最後に、人件費を削減する効果的な方法を確認しておきましょう。

残業を減らす

残業が多ければ多いほど、企業の人件費も増えていきます。日頃から残業が多い企業であれば、従業員一人あたりの残業時間を減らす、または残業を廃止するだけで人件費の大幅削減が見込めるでしょう。残業をせずに済むよう、業務を見直し効率化を図るのも手です。また、残業が減ることで従業員が十分に休息を取ることができ、結果業務スピードが上がることもあります。

人事評価制度を見直す

現在従業員に支払っている報酬を見直してみることも大切です。そのために、まずは現在の人事評価制度を振り返り、一人ひとりの成果に見合った報酬となるよう評価基準を整えましょう。正当な評価をふまえて報酬を支払うことで、従業員のモチベーションアップにつながり、生産性向上も期待できます。

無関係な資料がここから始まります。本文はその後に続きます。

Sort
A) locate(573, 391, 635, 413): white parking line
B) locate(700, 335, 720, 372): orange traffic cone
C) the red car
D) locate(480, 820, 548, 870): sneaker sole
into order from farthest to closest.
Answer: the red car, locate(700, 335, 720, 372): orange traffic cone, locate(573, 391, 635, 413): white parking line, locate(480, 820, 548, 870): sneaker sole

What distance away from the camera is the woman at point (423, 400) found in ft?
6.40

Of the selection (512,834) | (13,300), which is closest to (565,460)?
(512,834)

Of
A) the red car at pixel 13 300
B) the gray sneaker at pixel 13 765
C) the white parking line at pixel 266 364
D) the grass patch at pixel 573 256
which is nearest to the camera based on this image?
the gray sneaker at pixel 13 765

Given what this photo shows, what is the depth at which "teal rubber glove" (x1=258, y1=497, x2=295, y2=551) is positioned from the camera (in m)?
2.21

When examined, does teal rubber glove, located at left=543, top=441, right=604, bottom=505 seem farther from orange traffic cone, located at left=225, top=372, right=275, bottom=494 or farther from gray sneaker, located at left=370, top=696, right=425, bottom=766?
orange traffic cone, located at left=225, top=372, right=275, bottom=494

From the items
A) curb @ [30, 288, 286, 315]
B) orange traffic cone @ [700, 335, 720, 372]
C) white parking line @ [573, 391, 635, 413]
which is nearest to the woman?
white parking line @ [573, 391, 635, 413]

ただし、安易に給料を下げると従業員の意欲低下を招き、離職による人材不足や業績悪化などの悪循環に陥る恐れもあるので注意しましょう。

コスト削減を見越した人材確保を行う

人件費削減の施策の一つとして、プロジェクトごとに、決められた期間必要な人材を採用するのも効果的です。フリーランスエンジニアを紹介するエージェントや派遣エンジニアなど、ピンポイントで求めているスキルを要する人材を確保できる手段も多数存在します。効率的・コストを抑えた人材配置のために、ぜひご活用してみてください。

消耗品費・水道光熱費を節約する

人件費削減に直接つながる内容ではありませんが、人件費は経費の一部なので、消耗品費や水道光熱費などを経費を削減すれば、人件費に余裕を持てる場合もあるのではないでしょうか。たとえばコピー用紙や文具類、水道代やエアコンの電気代など、会社では多くの消耗品費、水道光熱費がかかっています。チラシやコピー用紙のミスプリントをメモ代わりにして使用する、気温がそこまで高くない日は扇風機を利用するなど、日頃の経費の節約を図ってみましょう。